The massive global need for COVID-19 tests has exponentially increased demand for diagnostic equipment, Rich said, ultimately building long-term testing capacity that could bring prices down and lead to new innovations. Those could include screening for multiple diseases from single samples and applying methods of testing for TB drug resistance to COVID-19, as new strains emerge that could require targeted vaccines.
Overall, Rich said, the COVID-inspired global scale-up of molecular testing and diagnosis is creating lab capacity “in a much higher degree than even our imaginations were taking us.”
Improved Safety Protocols
A second silver lining of COVID-19, he said, is the dramatically heightened awareness of public health and safety protocols, such as wearing personal protective equipment (PPE) to prevent illness, and considering solutions for better ventilation in buildings.
In emergency rooms across the U.S., doctors now are in full PPE for patients who have so much as a cough.
“Maybe they should have been using more universal PPE before,” Rich said, comparing COVID protocols to TB care, which requires broad, standardized use of masks and PPE.
“The most dangerous part of TB care can be when people walk into a clinic to get diagnosed,” Rich said. “If protocols aren’t followed correctly from the start, those clinicians and other patients are just sitting there, getting exposed to TB. … We now have an opportunity for better infection controls and protocols everywhere.”
Additionally, he said, new emphasis on ventilation, bacteria-killing UV lights, and administrative practices such as proper triage all could have lasting impacts for reducing infections far beyond COVID-19.
“All of those areas have been significantly boosted because of COVID, and that can be a good thing,” he said.
Fast Vaccine Development
Lastly, he said, the creation of COVID-19 vaccines within a year—granted, building on science that had been in the works for decades—shines new light on the potential for curtailing disease outbreaks when global interests and resources are aligned.
“That is a silver lining for the medical community—that we now have the ability to get a vaccine for a disease within a year,” he said. “What’s the list of diseases that we should now put out the full, same effort for?”

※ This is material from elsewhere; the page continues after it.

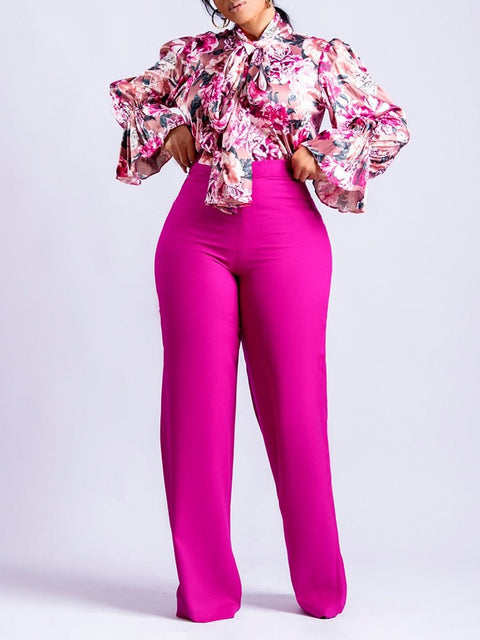 African Print Blouse & High Waist Pant Set Women 2-Piece Long Sleeve Elegant Casual Fashion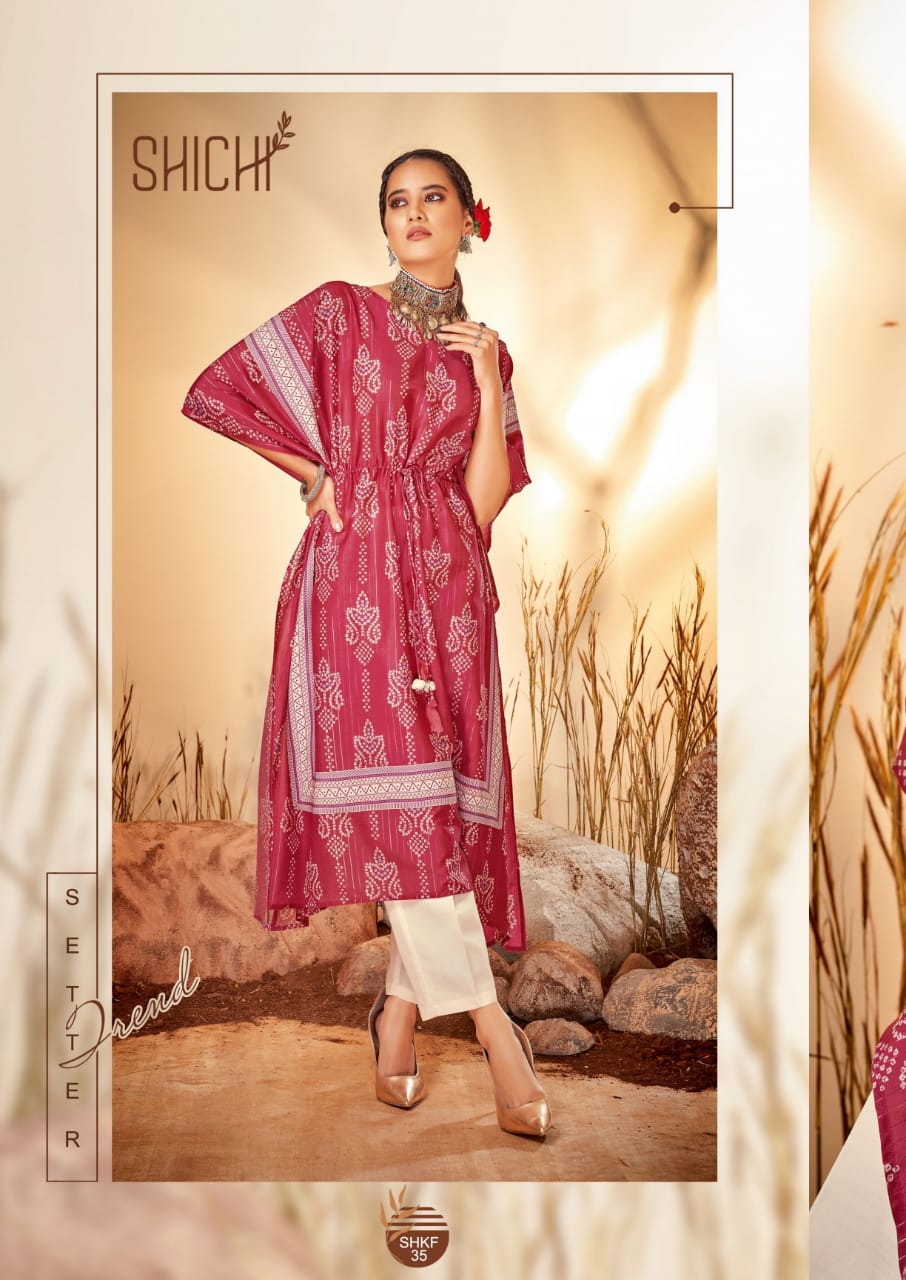 Shichi Kaya Kaftan Festive Wear Masleen Printed Kurti With Bottom Collection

While not all diseases are appropriate for a vaccine, the COVID-19 response suggests that, when the next pandemic strikes, people might more willingly quarantine and slow the spread of a virus knowing that scientists can quickly develop medicines and vaccines.
Building that confidence, though, will require new levels of sustained, global collaboration, from academic institutions to national governments and international organizations. Better surveillance systems looking for the next pandemic, and functioning globally, also will be critical.
“We now understand that clinical researchers need to be more collaborative,” Rich said. “The more people you have working on a problem, the better.”